YOUR ASSIGNMENT: Below are records with pictures in them. Transcribe everything from the line containing "Kevin Durant was" down to the line containing "You definitely want", exactly, and leave the pictures behind.

GIVEN ENTRIES:

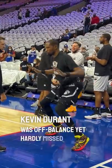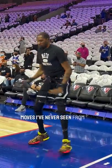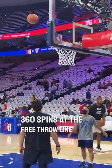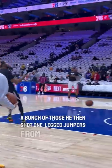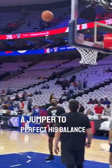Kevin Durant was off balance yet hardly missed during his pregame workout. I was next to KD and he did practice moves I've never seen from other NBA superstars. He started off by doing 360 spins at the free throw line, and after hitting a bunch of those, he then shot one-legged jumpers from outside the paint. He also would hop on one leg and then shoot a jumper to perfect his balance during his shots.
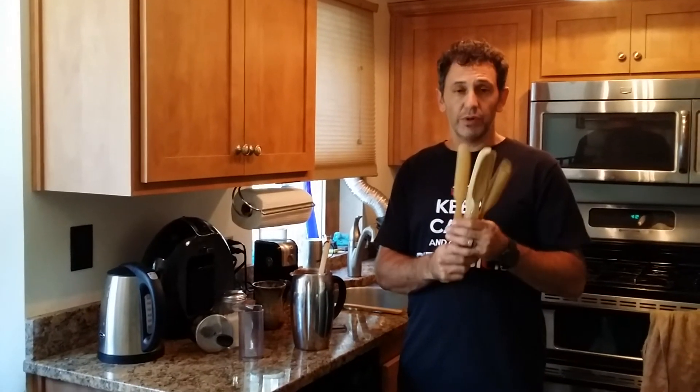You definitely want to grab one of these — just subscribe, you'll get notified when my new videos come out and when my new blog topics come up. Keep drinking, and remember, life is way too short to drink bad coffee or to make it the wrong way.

---

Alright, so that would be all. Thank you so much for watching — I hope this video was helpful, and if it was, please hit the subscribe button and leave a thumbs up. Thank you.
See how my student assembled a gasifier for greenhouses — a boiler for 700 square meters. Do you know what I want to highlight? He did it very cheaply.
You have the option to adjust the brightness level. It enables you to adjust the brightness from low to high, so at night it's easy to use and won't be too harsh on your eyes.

* * *

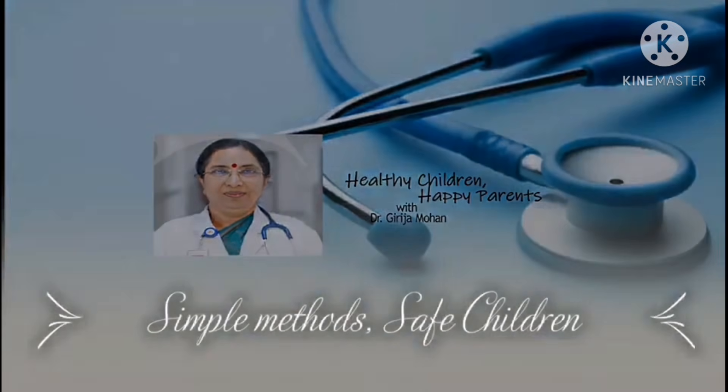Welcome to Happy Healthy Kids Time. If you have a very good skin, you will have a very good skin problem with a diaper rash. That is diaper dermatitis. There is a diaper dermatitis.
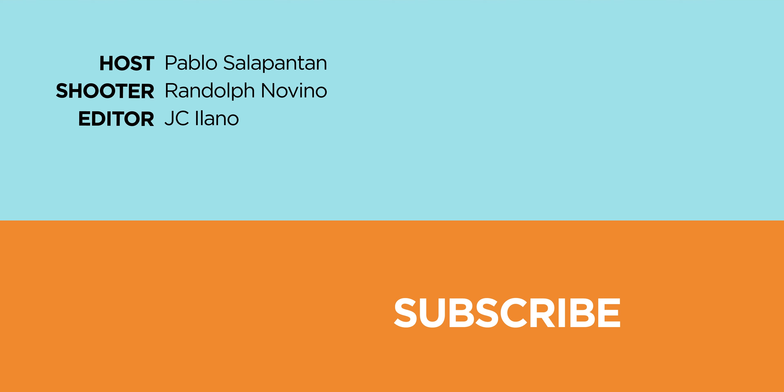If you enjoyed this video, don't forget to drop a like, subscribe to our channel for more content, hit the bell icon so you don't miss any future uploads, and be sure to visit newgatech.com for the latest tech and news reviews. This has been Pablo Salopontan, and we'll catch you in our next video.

EXPECTED ANSWER:
Kevin Durant was off balance yet hardly missed during his pregame workout. I was next to KD and he did practice moves I've never seen from other NBA superstars. He started off by doing 360 spins at the free throw line, and after hitting a bunch of those, he then shot one-legged jumpers from outside the paint. He also would hop on one leg and then shoot a jumper to perfect his balance during his shots.
You definitely want to grab one of these — just subscribe, you'll get notified when my new videos come out and when my new blog topics come up. Keep drinking, and remember, life is way too short to drink bad coffee or to make it the wrong way.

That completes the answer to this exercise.